BAB I

PENDAHULUAN

1.1. LATAR BELAKANG

Antibiotika adalah segolongan senyawa, baik alami maupun sintetik, yang mempunyai efek menekan atau menghentikan suatu proses suatu proses biokimia di dalam organism, khususnya dalam proses infeksi oleh bakteri. Penggunaan antibiotika khususnya berkaitan berkaitan dengan pengobatan penyakit infeksi, meskipun dalam bioteknologi dan rekayasa genetika juga digunakan sebagai alat seleksi terhadap mutan atau transporman. Antibiotika bekerja seperti pestisida dengan menekan atau memutuskan satu mata rantai metabolisme, hanya saja targetnya adalah bakteri. Antibiotika berbada dengan desinfektan karena cara kerjanya. Desinfektan membunuh kuman dengan menciptakan lingkungan yang tidak wajar bagi kuman untuk hidup.

Penemuan antibiotik terjadi secara tidak sengaja ketika Alexander Fleming , pada tahun 1928, lupa membersihkan sediaan bakteri pada cawan petri dan meninggalkannya di rak cuci sepanjang akhir pecan. Pada hari Senin, ketika cawan petri tersebut akan dibersihkan, ia melihat sebagian kapang telah tumbuh di media dan bagian di sekitar kapang bersih dari bakteri yang sebelumnya memenuhi media. Kerena tertarik dengan kenyataan ini, ia melakukan penelitia lebih lanjut terhadap kapang tersebut, yang ternyata adalah Penicilium chrysogenum syn. P. notatum (kapang berwarna biru muda ini mudah ditemukan pada roti yang dibiarkan lembab beberapa hari).

Uji sensitivitas bakteri merupakan suatu metode untuk menentukan tingkat kerentanan bakteri terhadap zat antibakteri dan untuk mengetahui senyawa murni yang memiliki aktivitas antibakteri. Proses uji sensisitivitas ini adalah untuk mengetahui antibiotik yang paling cocok untuk kuman penyebab penyakit terutama pada kasus-kasus penyakit yang kronis dan untuk mengetahui adanya resistensi terhadap berbagai macam antibiotik.
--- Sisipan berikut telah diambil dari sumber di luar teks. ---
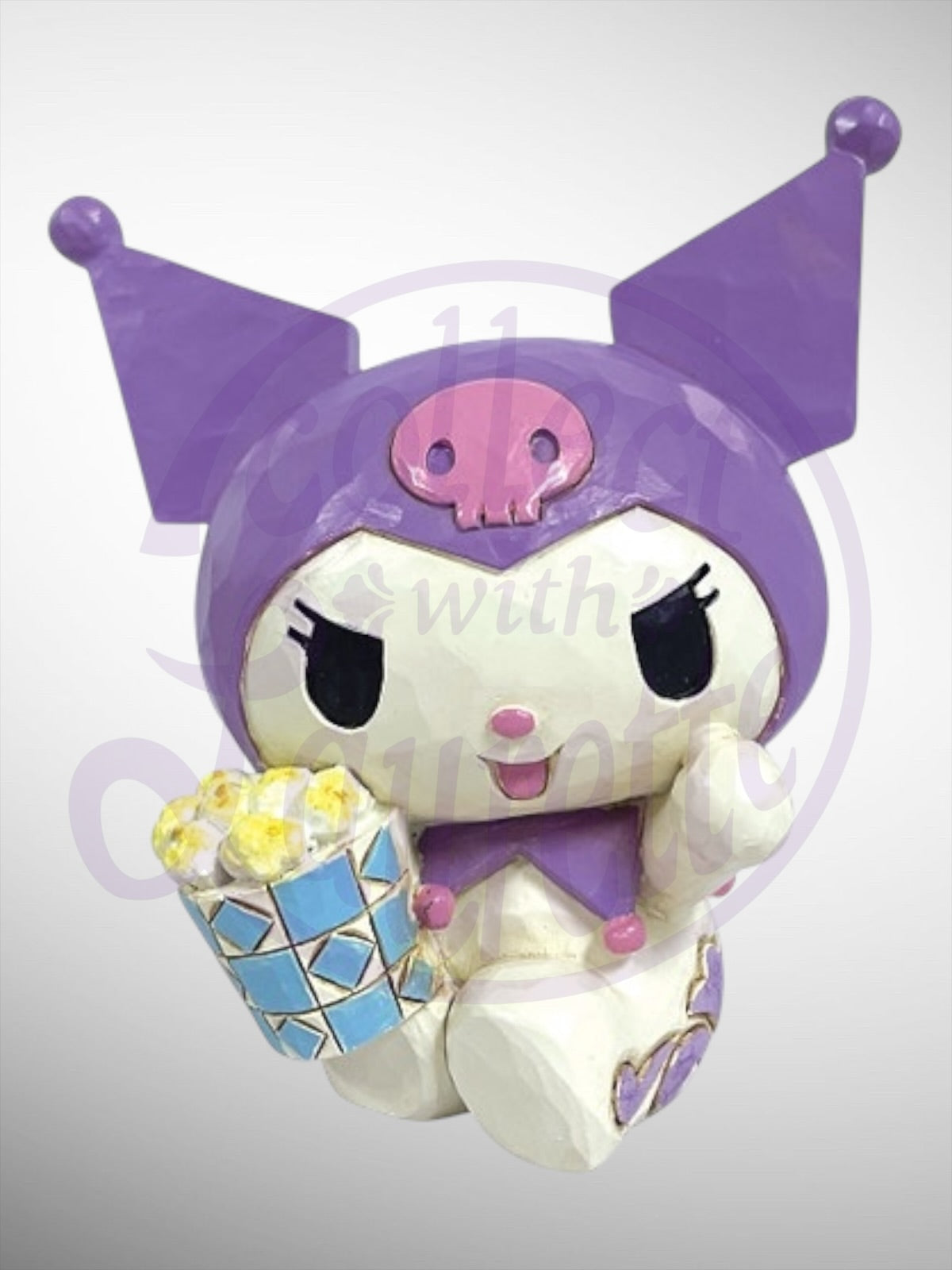 Jim Shore Sanrio Collection - Kuromi Popcorn Mini Figurine - PREORDER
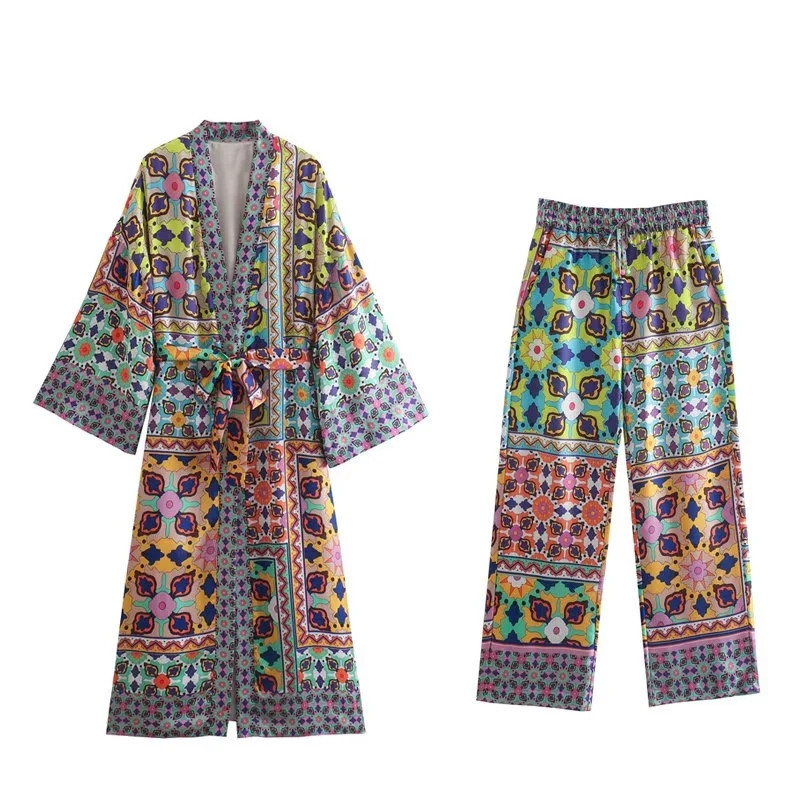 Otisnute široke kaputne hlače, set od 2 komada, ženski V-izrez, šišmiš rukavi i pojas, duga haljina, ravno žensko odijelo s širokim nogavicama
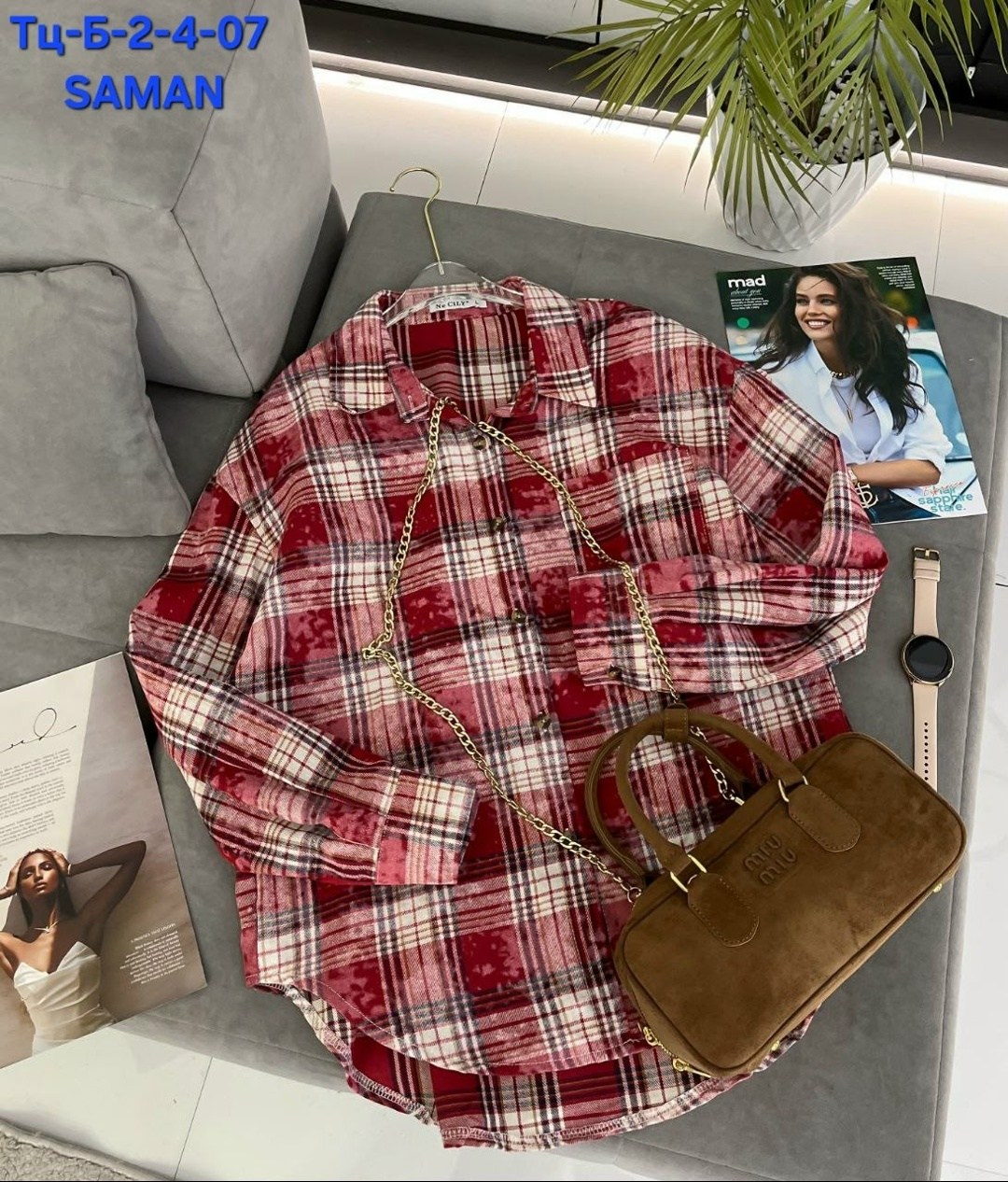 рубашка в клетку,рубашка в клетку женская,женская рубашка,рубашка,рубашка в клетку от miu miu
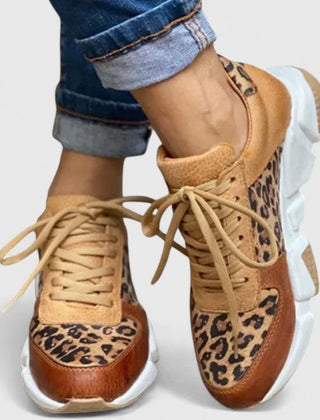 Viola Leopard Print Sneakers in Leopard Brown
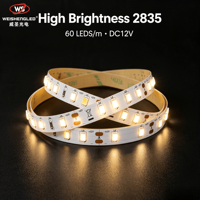 Lampu Strip LED 2835 60leds/m  Lumen Tinggi Lampu Pita LED Fleksibel untuk Dekorasi Proyek Dalam Ruangan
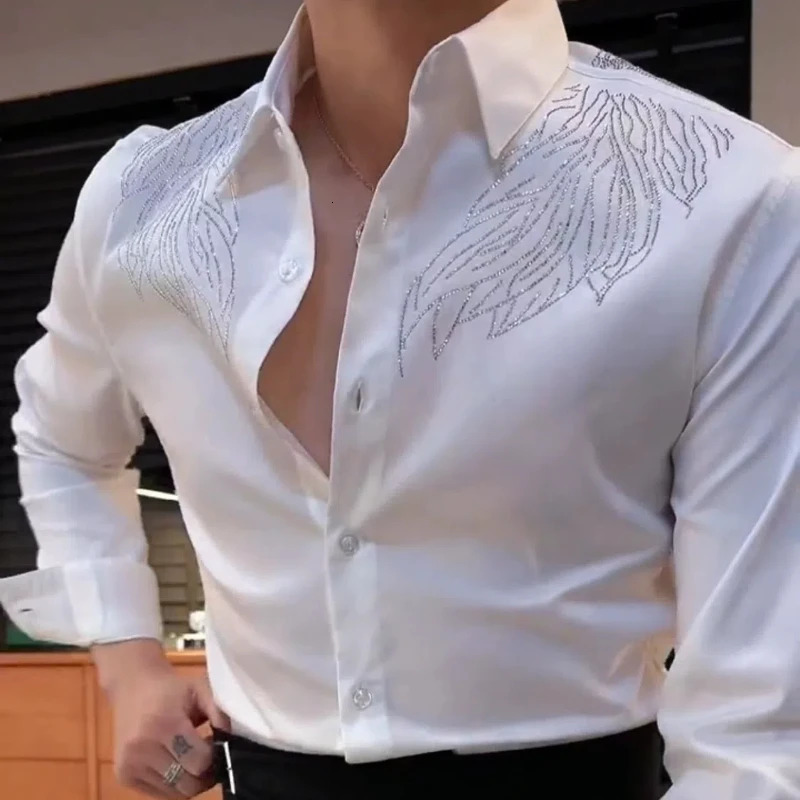 Spring Autumn Hippie Fashion Solid Shirts Mens Clothing Loose Polo Neck Long Sleeve Blouse All Match Cardigan Printed Tops 250606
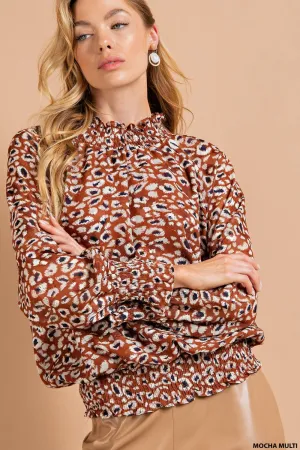 JACQUARD BURNT-OUT ANIMAL PRINTED CHIFFON SMOCKED LONG SLEEVE TOP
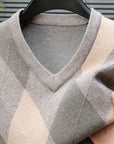Helvano | Argyle-Pullover mit V-Ausschnitt für Herren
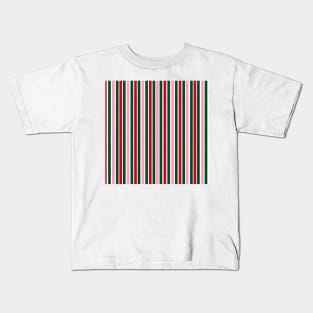 Pink green and Red Christmas Candy cane Stripes Kids T-Shirt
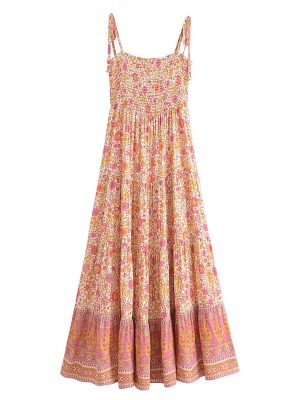 Floral Rayon Belted Backless Suspender Dress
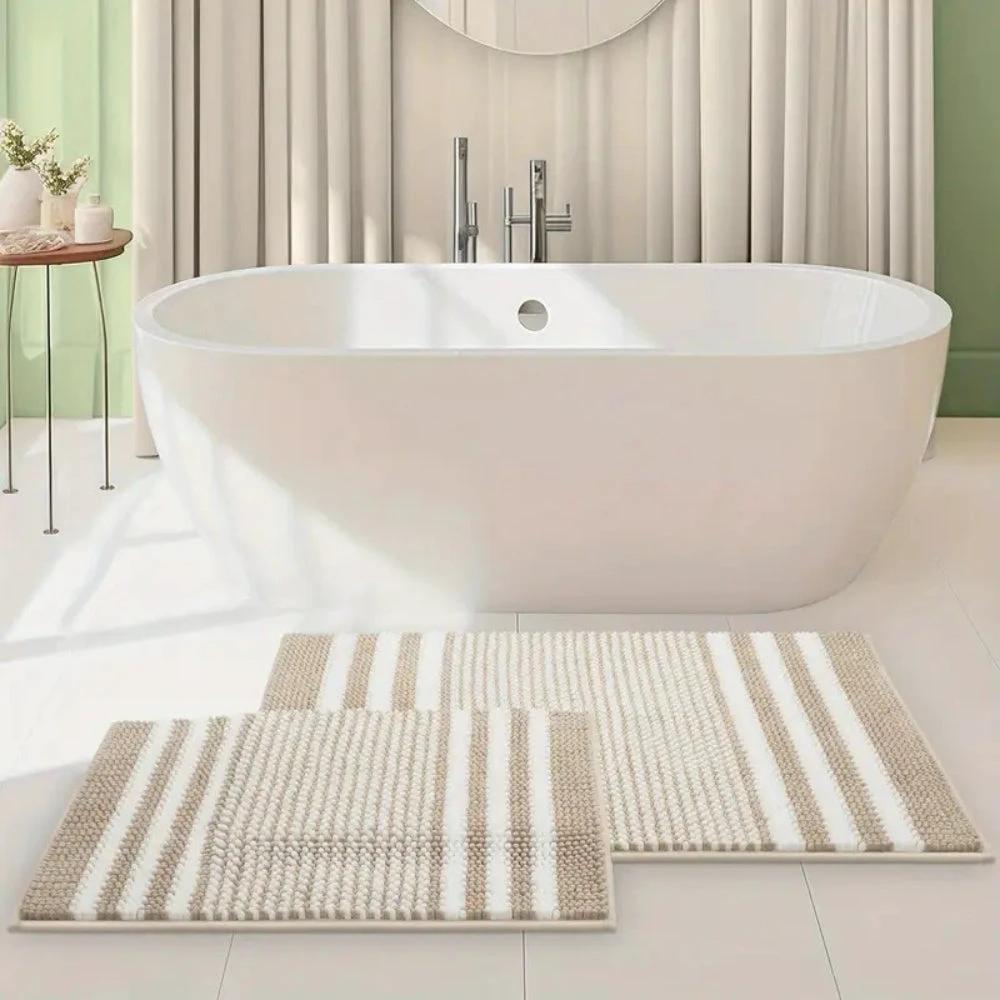Pebble-Knit Striped Chenille Bath Mat by Casa & Beyond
Penyebab kuman resisten terhadap antibiotik yakni memang kuman tersebut resisten terhadap antibiotik yang diberikan, akibat pemberian dosis dibawah dosis pengobatan dan akibat penghentian obat sebelum kuman tersebut betul-betul terbunuh oleh antibiotik.

1.2. TUJUAN PRAKTIKUM

Praktikum ini bertujuan untuk melakukan teknik-teknik dalam pengujian sensitivitas bakteri terhadap antibiotik serta melakukan uji kepekaan bakteri terhadap antibiotika untuk mengetahui batas kepekaan / sensitivitas suatu bakteri (peka, setengah peka, resisten) terhadap suatu antibiotika yang dinyatakan sebagai konsentrasi hambat minimum (KHM) suatu antibiotika.

1.3. MANFAAT PRAKTIKUM

Kegiatan praktikum ini diharapkan membuat praktikan dapat mengetahui sensitivitas suatu bakteri terhadap suatu antibiotika yang dinyatakan sebagai konsentrasi hambat minimum suatu antibiotika serta mengetahui teknik dalam pengujian sensitivitas bakteri terhadap antibiotik sehingga dapat digunakan dalam kegiatan praktikum lainnya.

BAB II

TINJAUAN PUSTAKA

Pengertian dari antibiotika pada awalnya merujuk pada senyawa yang dihasilkan oleh jamur atau mikroorganisme yang dapat membunuh bakteri penyebab penyakit pada hewan & manusia. Saat ini beberapa jenis antibiotika merupakan senyawa sintetis (tidak dihasilkan dari mikororganisme) tetapi juga dapat membunuh atau menghambat pertumbuhan bakteri. Secara teknis, zat yang dapat membunuh bakteri baik berupa senyawa sintetis atau alami disebut dengan zat antimikroba, akan tetapi banyak orang yang menyebutnya dengan antibiotika. Antibiotika mempunyai manfaat yang sangat banyak, penggunaan antibiotika secara berlebihan juga dapat memicu terjadinya resistensi antibiotika (Wasitaningrum, 2009).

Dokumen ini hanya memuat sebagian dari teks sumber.